David Brooks explores a similar point in his column today, suggesting that the Republican vision of the American tradition is overly narrow and “oversimplified” to the point of being “dangerous.”

The fact is, the American story is not just the story of limited governments; it is the story of limited but energetic governments that used aggressive federal power to promote growth and social mobility. George Washington used industrial policy, trade policy and federal research dollars to build a manufacturing economy alongside the agricultural one. The Whig Party used federal dollars to promote a development project called the American System.

Abraham Lincoln supported state-sponsored banks to encourage development, lavish infrastructure projects, increased spending on public education. Franklin Roosevelt provided basic security so people were freer to move and dare. The Republican sponsors of welfare reform increased regulations and government spending — demanding work in exchange for dollars.

Throughout American history, in other words, there have been leaders who regarded government like fire — a useful tool when used judiciously and a dangerous menace when it gets out of control. They didn’t build their political philosophy on whether government was big or not. Government is a means, not an end. They built their philosophy on making America virtuous, dynamic and great. They supported government action when it furthered those ends and opposed it when it didn’t.

If the current Republican Party regards every new bit of government action as a step on the road to serfdom, then the party will be taking this long, mainstream American tradition and exiling it from the G.O.P.

I find this more than a little compelling, at least in its description of the contemporary GOP worldview. The Republican ideology of the Obama era is mindless and reflexive — taxes are always bad, government is always bad, regulations are always bad. How these policies affect families, consumers, the economy, and American competitiveness are deemed hopelessly irrelevant.*

It seems hard to imagine now, but modest, occasional tax increases were, at one time, something Republicans would grudgingly accept as a necessary evil.
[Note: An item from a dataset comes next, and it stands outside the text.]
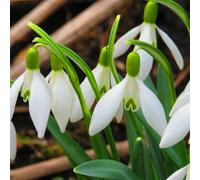 Carbeth Plants Snowdrop Galanthus Woronowii 100 X Spring Bulbs - Spring Flowering Perennials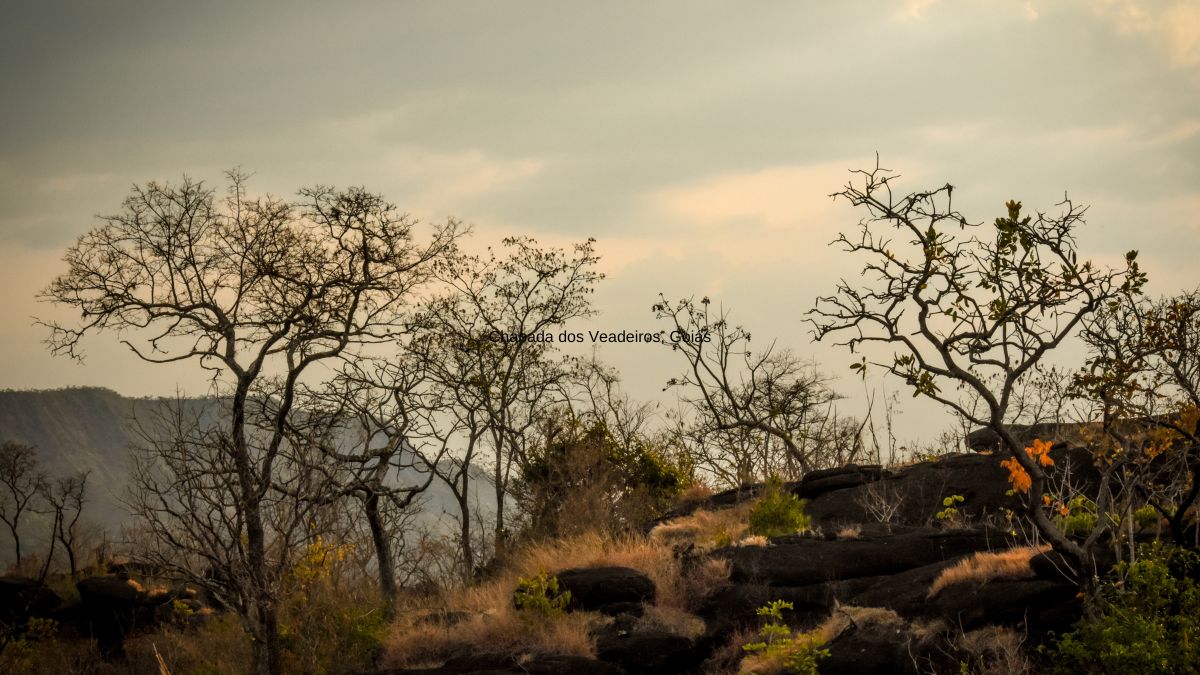 Chapada dos Veadeiros, Goiás é um dos Lugares para viajar em julho 2024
The GOP doesn’t like to talk about it, but Reagan, for example, was in office for eight years, and he raised taxes in seven of them. It seems fairly obvious that nearly all of the GOP landmark successes on using the power of the federal government to promote the general welfare would be rejected by the Republicans of 2010.

The country still needs government to play a role in shaping the nation’s future. The country still needs taxes to go up at some point to help pay our bills. The country still faces challenges, Brooks noted, that “can’t be addressed simply by getting government out of the way.”

The column concluded, “If all government action is automatically dismissed as quasi socialist, then there is no need to think. A pall of dogmatism will settle over the right.”

It’s an important point, which I suspect is too late.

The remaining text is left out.